'Decision time' for talks on new British government
Talks on forming a new British government reached "decision time" Tuesday, after Prime Minister Gordon Brown dramatically vowed to stand down to keep his party in power following a poll deadlock.
The three main political parties held more frantic negotiations after Brown announced he would step down as Labour leader, confounding expectations that the Conservatives would strike a deal with the smaller Liberal Democrats.
The Lib Dems, led by Nick Clegg, are now talking to both the Conservatives and Labour, despite warnings that a Lib Dem/Labour coalition would be unstable and unnerve already jittery financial markets.
Conservative leader David Cameron piled pressure on the Lib Dems to decide which way to jump after his party offered them a make-or-break concession on their touchstone issue of electoral reform Monday.
"It's now I believe decision time, decision time for the Liberal Democrats," said Cameron, adding: "I hope they make the right decision that will give this country the strong, stable government it badly needs and badly needs quickly".
Clegg meanwhile said negotiations were entering a "critical and final phase", adding he was as "impatient as anyone else" for a decision. "I'm certainly hopeful of getting a resolution as quickly as possible," he said.
One of Cameron's closest lieutenants, George Osborne, insisted that only a Lib Dem deal with the Conservatives could bring Britain the stability it needs as it battles to reduce record public debt.
He added that he expected to know within hours if it would be possible to reach a deal with the Lib Dems.
In Thursday's general election, the Conservatives won 306 seats in the 650-member House of Commons -- 20 short of a clear majority of 326 -- followed by Labour on 258 and the Lib Dems on 57.
Labour and the Lib Dems together would still not have enough seats for a clear majority, and would probably require help from smaller parties like the Scottish and Welsh nationalists.
Brown's act of political self-sacrifice marks the beginning of the end of his premiership but if a Labour/Lib Dem deal is agreed, he could stay on as a caretaker ahead of a leadership contest due by September.
Labour and the Lib Dems are ideologically closer, on the left of the political spectrum, than the Conservatives and Lib Dems, although the electoral arithmetic of a Tory/Lib Dem deal is stronger.
Foreign Secretary David Miliband is the odds-on favourite to replace Brown as Labour Party leader, although the lengthy leadership contest will not begin until a deal on the new government is agreed.
Miliband appeared to confirm he would stand when he told reporters in a brief statement: "I'm not going to be saying anything more and none of the candidates are going to be saying anything more either".
London FTSE 100 stock exchange was down nearly two percent in early trading. Investors are worried that a coalition government could lack the clout to reduce Britain's massive debt after its worst recession on record.

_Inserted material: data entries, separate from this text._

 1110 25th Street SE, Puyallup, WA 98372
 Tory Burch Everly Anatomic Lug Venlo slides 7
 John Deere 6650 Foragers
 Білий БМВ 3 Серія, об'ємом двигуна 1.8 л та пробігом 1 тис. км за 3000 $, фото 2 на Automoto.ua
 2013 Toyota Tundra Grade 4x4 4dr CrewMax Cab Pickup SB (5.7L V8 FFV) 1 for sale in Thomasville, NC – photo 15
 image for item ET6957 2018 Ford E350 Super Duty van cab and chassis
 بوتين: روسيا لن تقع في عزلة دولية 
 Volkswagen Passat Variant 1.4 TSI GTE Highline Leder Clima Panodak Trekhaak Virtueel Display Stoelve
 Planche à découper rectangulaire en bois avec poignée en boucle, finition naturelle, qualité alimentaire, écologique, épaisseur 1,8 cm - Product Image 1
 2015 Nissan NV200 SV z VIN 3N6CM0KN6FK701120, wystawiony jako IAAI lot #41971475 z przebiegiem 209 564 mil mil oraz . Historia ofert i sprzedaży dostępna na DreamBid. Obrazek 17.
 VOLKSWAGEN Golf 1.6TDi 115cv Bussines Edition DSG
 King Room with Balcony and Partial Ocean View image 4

Meanwhile, two Labour former home secretaries warned against a deal with the Lib Dems, with one, David Blunkett, accusing the Lib Dems of acting "like every harlot in history"
And a senior Tory revealed anger in the party at Clegg, who they had thought was in exclusive negotiations with them until Brown's resignation bombshell.
Malcolm Rifkind, a former foreign secretary, said Clegg's behaviour looked "duplicitous".
"If a deal is made with two parties that were rejected by the electorate forming a government of the defeated, it will not only have questionable legitimacy, it will also suggest (they) have joined the Robert Mugabe school of politics," he told Sky News television.
The key potential stumbling block to a deal between the Lib Dems and Conservatives is electoral reform.
The Lib Dems want to scrap the first-past-the-post system, which means smaller parties like theirs get fewer seats in the House of Commons.
But Conservatives strongly oppose such changes although they have offered a referendum on the Alternative Vote system, as used in Australia's House of Representatives, which Labour says it wants put into law.